Exercise:
Would you transcribe the records below from the line with "GoGo squeeZ organic" to the line with "Navy tops,Tribal tops,ROTITA", ends included, exactly and with nothing more, leaving the pictures out?
====== Exercise inputs ======
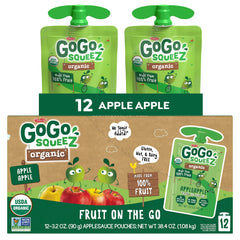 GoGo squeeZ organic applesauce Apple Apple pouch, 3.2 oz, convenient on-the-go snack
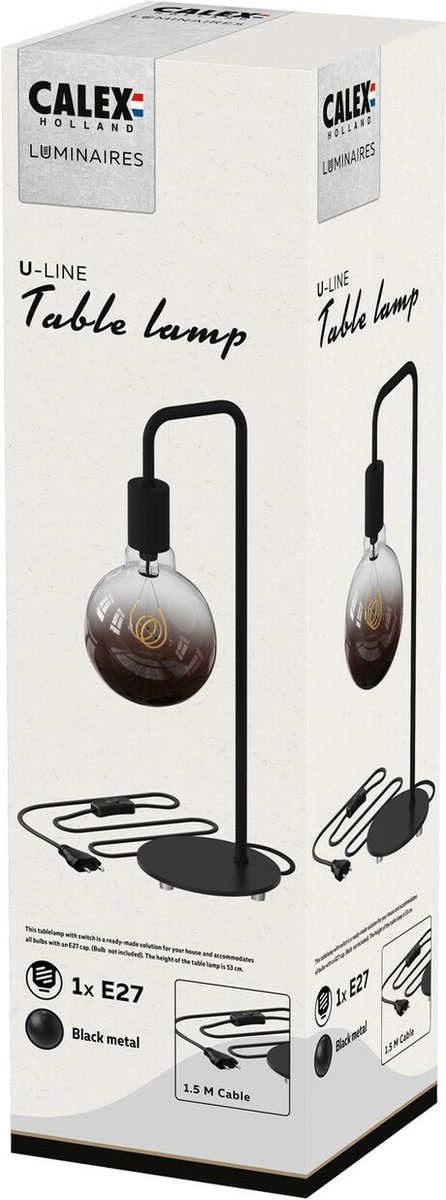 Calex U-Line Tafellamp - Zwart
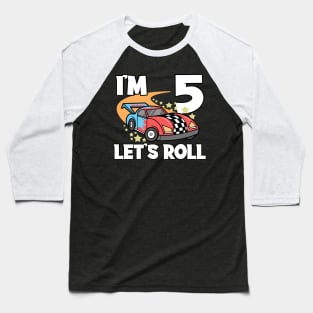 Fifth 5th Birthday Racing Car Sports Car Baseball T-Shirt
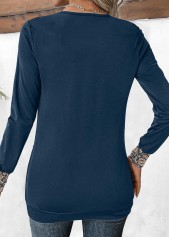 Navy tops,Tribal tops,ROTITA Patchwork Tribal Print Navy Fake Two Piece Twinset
======
====== Exercise inputs ======
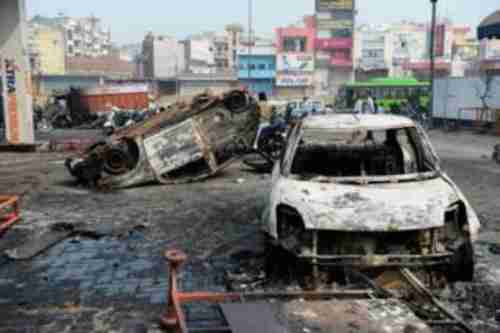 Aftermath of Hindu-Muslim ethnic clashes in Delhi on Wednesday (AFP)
======
====== Exercise inputs ======
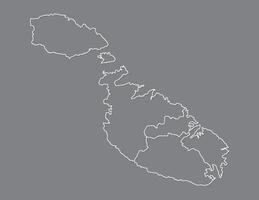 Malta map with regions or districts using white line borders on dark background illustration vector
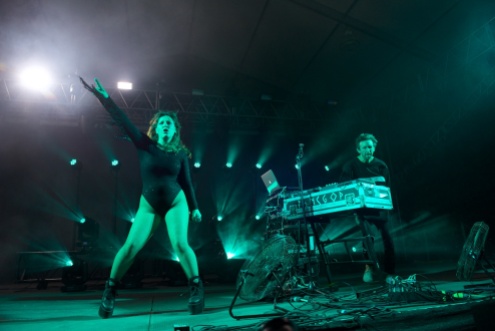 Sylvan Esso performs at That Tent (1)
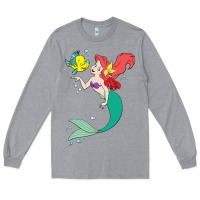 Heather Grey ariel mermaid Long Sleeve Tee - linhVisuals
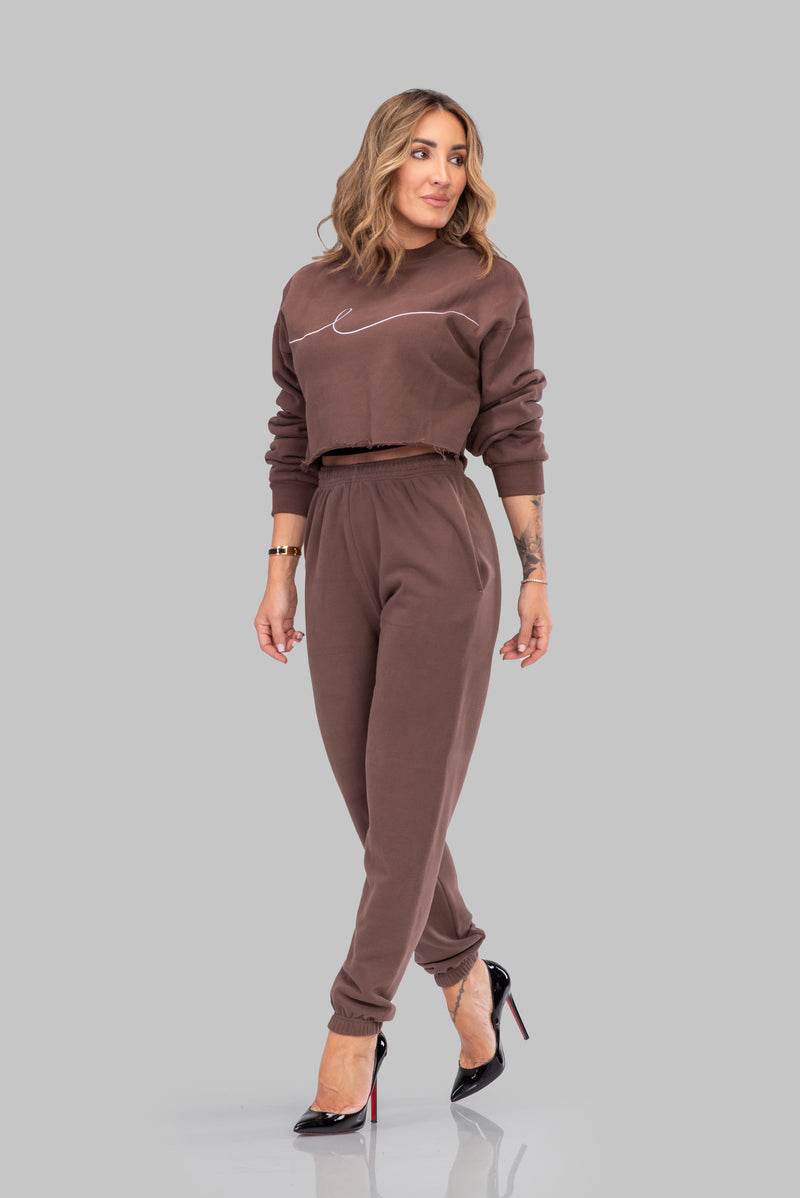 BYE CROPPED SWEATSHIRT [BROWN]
======
Problem solution:
 GoGo squeeZ organic applesauce Apple Apple pouch, 3.2 oz, convenient on-the-go snack
 Calex U-Line Tafellamp - Zwart
 Fifth 5th Birthday Racing Car Sports Car Baseball T-Shirt
 Navy tops,Tribal tops,ROTITA Patchwork Tribal Print Navy Fake Two Piece Twinset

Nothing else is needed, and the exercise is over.